Message-ID: <43BE680F.40902@cosmosbay.com>
Date: Fri, 06 Jan 2006 13:52:31 +0100
From: Eric Dumazet <dada1@cosmosbay.com>
User-Agent: Thunderbird 1.5 (Windows/20051201)
MIME-Version: 1.0
To: Linus Torvalds <torvalds@osdl.org>
CC: linux-kernel@vger.kernel.org, "David S. Miller" <davem@davemloft.net>,
       Dipankar Sarma <dipankar@in.ibm.com>,
       "Paul E. McKenney" <paulmck@us.ibm.com>,
       Manfred Spraul <manfred@colorfullife.com>, netdev@vger.kernel.org
Subject: Re: [PATCH, RFC] RCU : OOM avoidance and lower latency (Version 2),
 HOTPLUG_CPU fix
References: <20060105235845.967478000@sorel.sous-sol.org> <20060106004555.GD25207@sorel.sous-sol.org> <Pine.LNX.4.64.0601051727070.3169@g5.osdl.org> <43BE43B6.3010105@cosmosbay.com>
In-Reply-To: <43BE43B6.3010105@cosmosbay.com>
Content-Type: multipart/mixed;
 boundary="------------090801060707070300030002"
Sender: linux-kernel-owner@vger.kernel.org
Content-Length: 5469
Lines: 177

This is a multi-part message in MIME format.
--------------090801060707070300030002
Content-Type: text/plain; charset=ISO-8859-1; format=flowed
Content-Transfer-Encoding: 7bit

First patch was buggy, sorry :(

This 2nd version makes no more RCU assumptions, because only the 'donelist' 
queue is fetched for an item to be deleted. Items from the donelist are ready 
to be freed.

This V2 also corrects a problem in case of a CPU hotplug, we forgot to update 
the ->count variable when transfering a queue to another one.

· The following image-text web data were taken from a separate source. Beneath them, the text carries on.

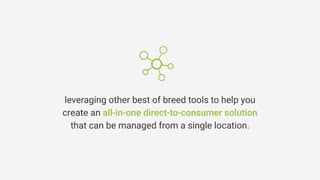 leveraging other best of breed tools to help you
create an all-in-one direct-to-consumer solution
that can be managed from a single location.
 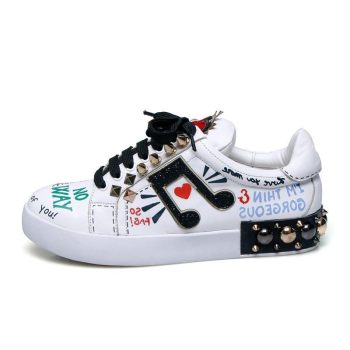 Women Flat Heels Genuine Leather Lace Up Rivets Cow Leather Comfortable Shoes - Image 3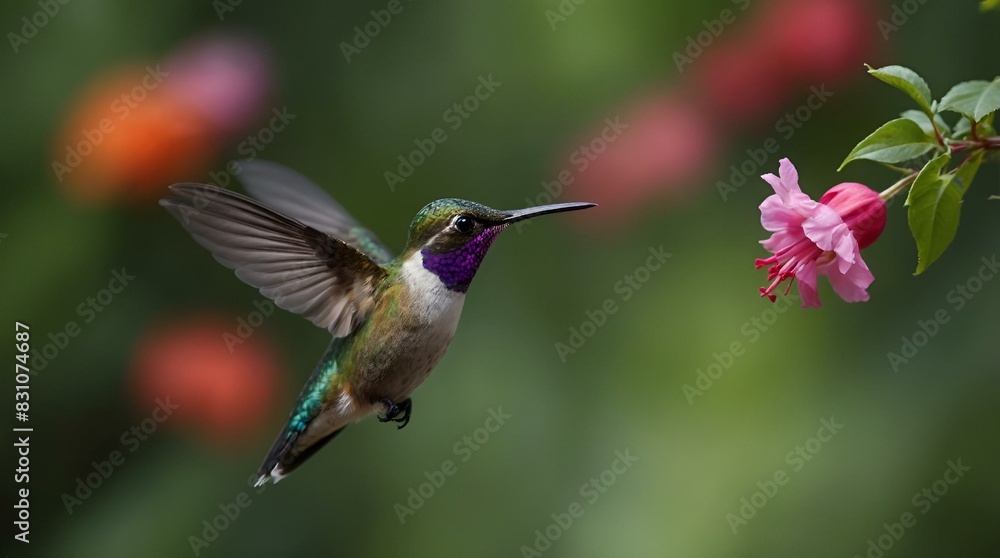 Naklejka premium Hummingbird in flight near a flower with wings spread, AI-generated.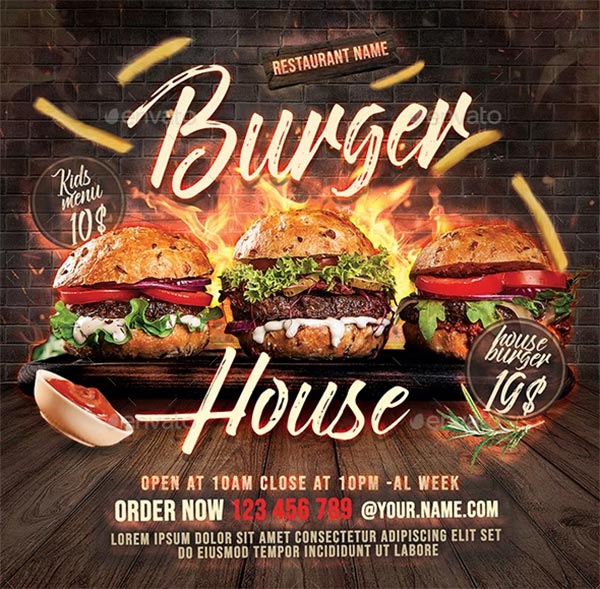 Burger Food Flyer PSD Template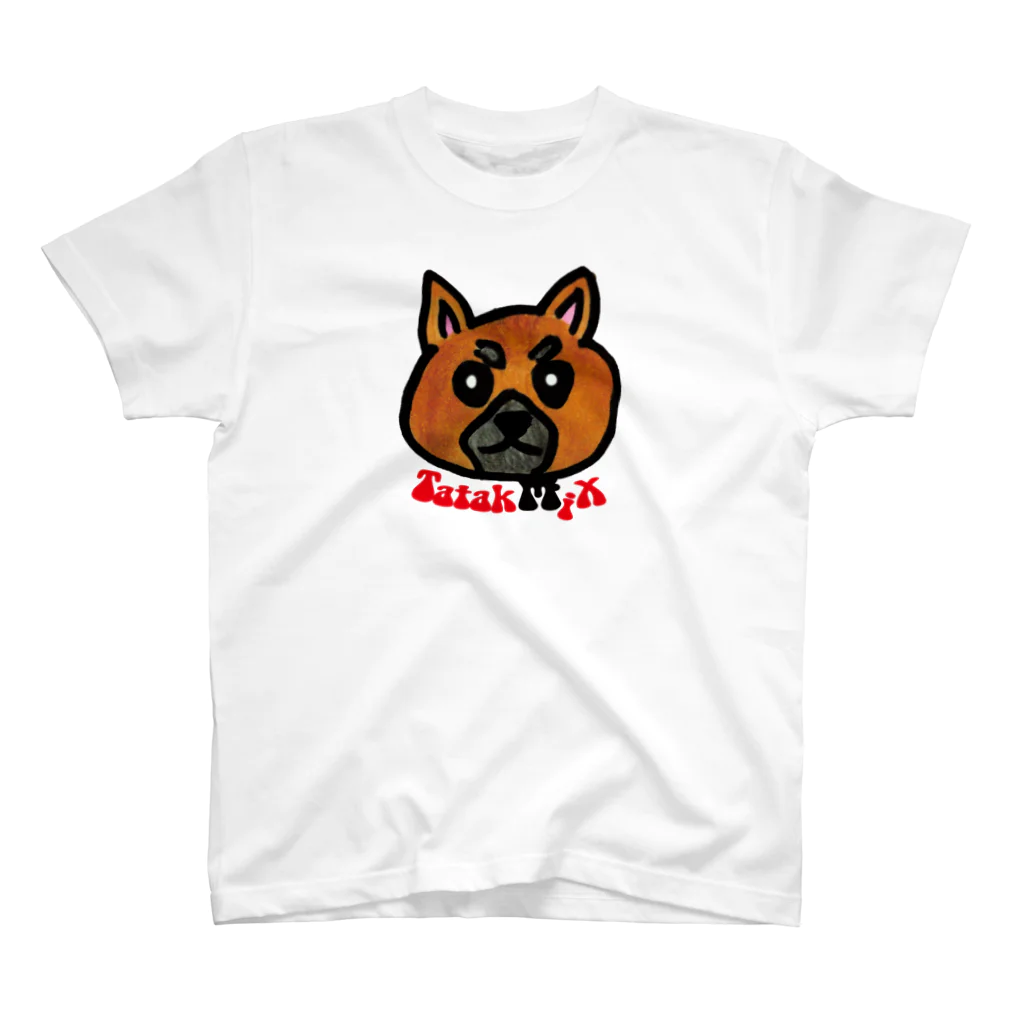 TatakMix Official Shopの柴犬テツ-AType スタンダードTシャツ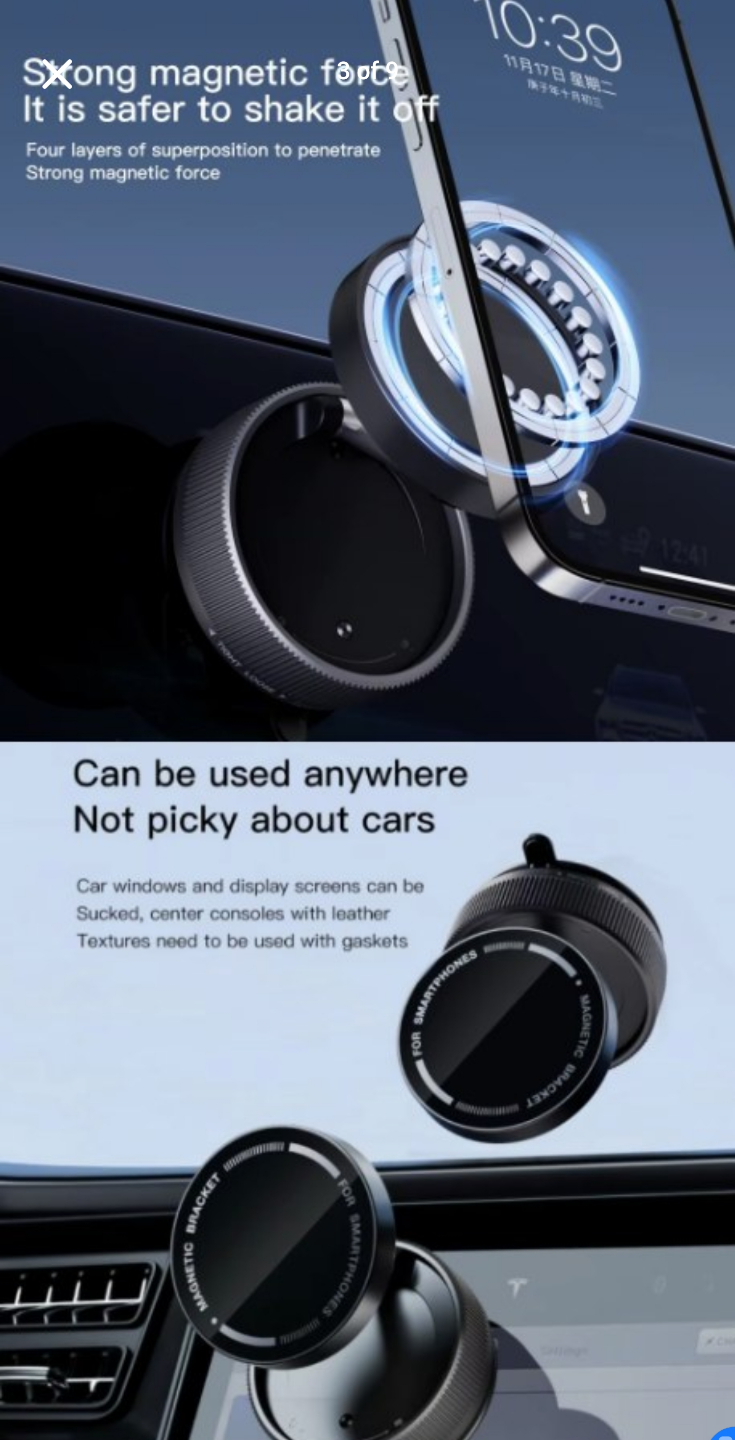 Vacuum Suction Magnetic Phone Holder Degree Rotation Foldable - photo 2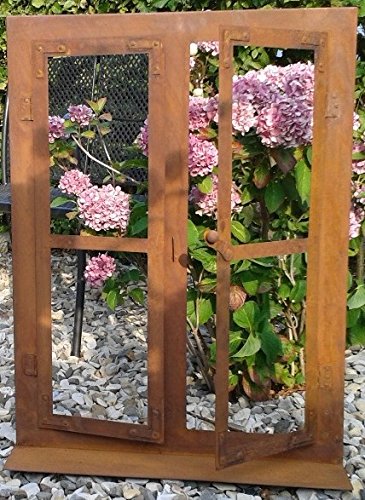 Deko-Fenster Eisen Rost auf Platte 80 x 60 cm, beide Fensterflügel sind zum Öffnen
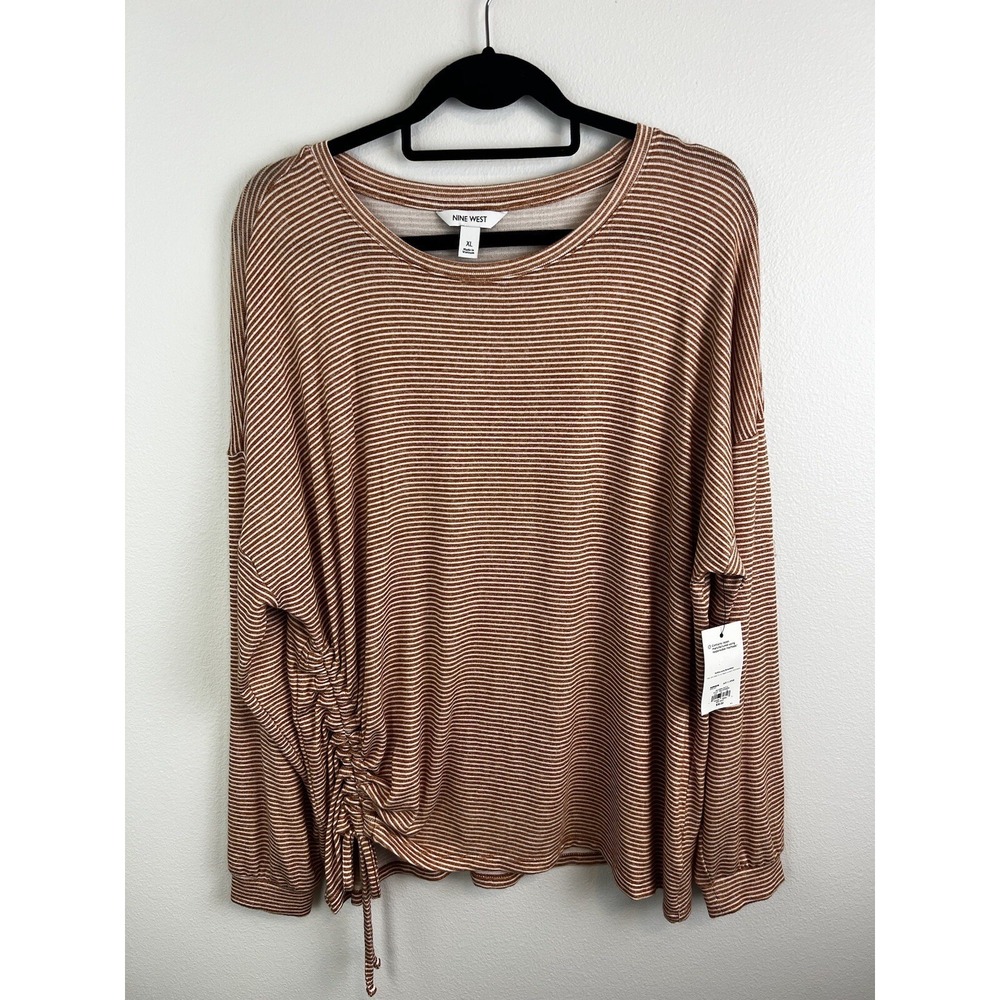 NWT Nine West Women's XL Ivory Orange Striped Long Sleeve Top Tie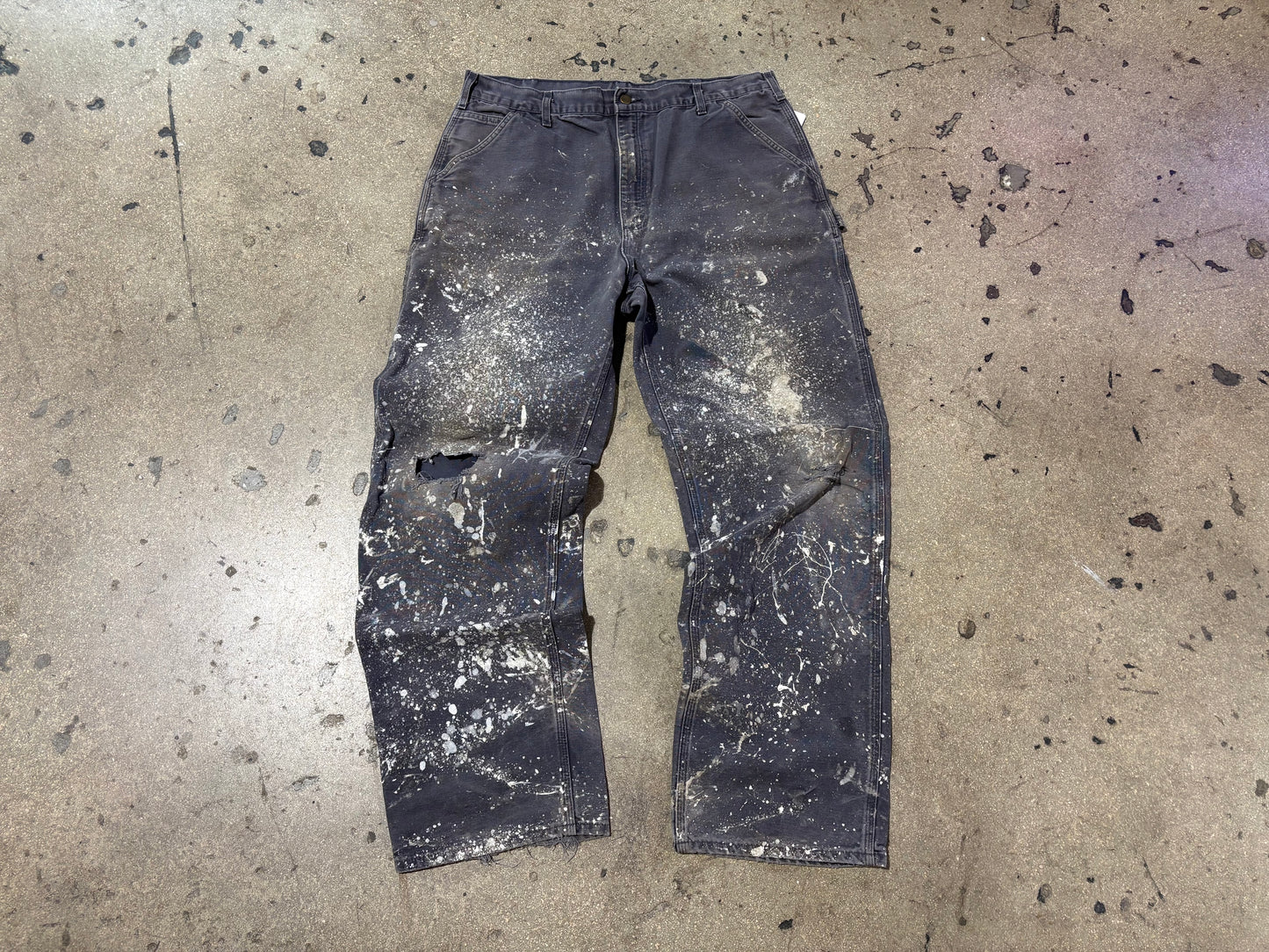 Carhartt Paint Splatter Carpenter Pants - Grey Size 38x32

-------------------------------------------------------------------------
In order to avoid some OOM triggered by a flood of call_rcu() calls, we 
increased in linux 2.6.14 maxbatch from 10 to 10000, and conditionally call 
set_need_resched() in call_rcu().

This solution doesnt solve all the problems and has drawbacks.

1) Using a big maxbatch has a bad impact on latency.
2) A flood of call_rcu_bh() still can OOM

I have some servers that once in a while crashes when the ip route cache is 
flushed. After raising /proc/sys/net/ipv4/route/secret_interval (so that *no* 
flush is done), I got better uptime for these servers. But in some cases I 
think the network stack can floods call_rcu_bh(), and a fatal OOM occurs.

I suggest in this patch :

1) To lower maxbatch to a more reasonable value (as far as the latency is 
concerned)

2) To be able to guard a RCU cpu queue against a maximal count (10.000 for 
example). If this limit is reached, free the oldest entry (if available from 
the donelist queue).

3) Bug correction in __rcu_offline_cpu() where we forgot to adjust ->count 
field when transfering a queue to another one.

In my stress tests, I could not reproduce OOM anymore after applying this patch.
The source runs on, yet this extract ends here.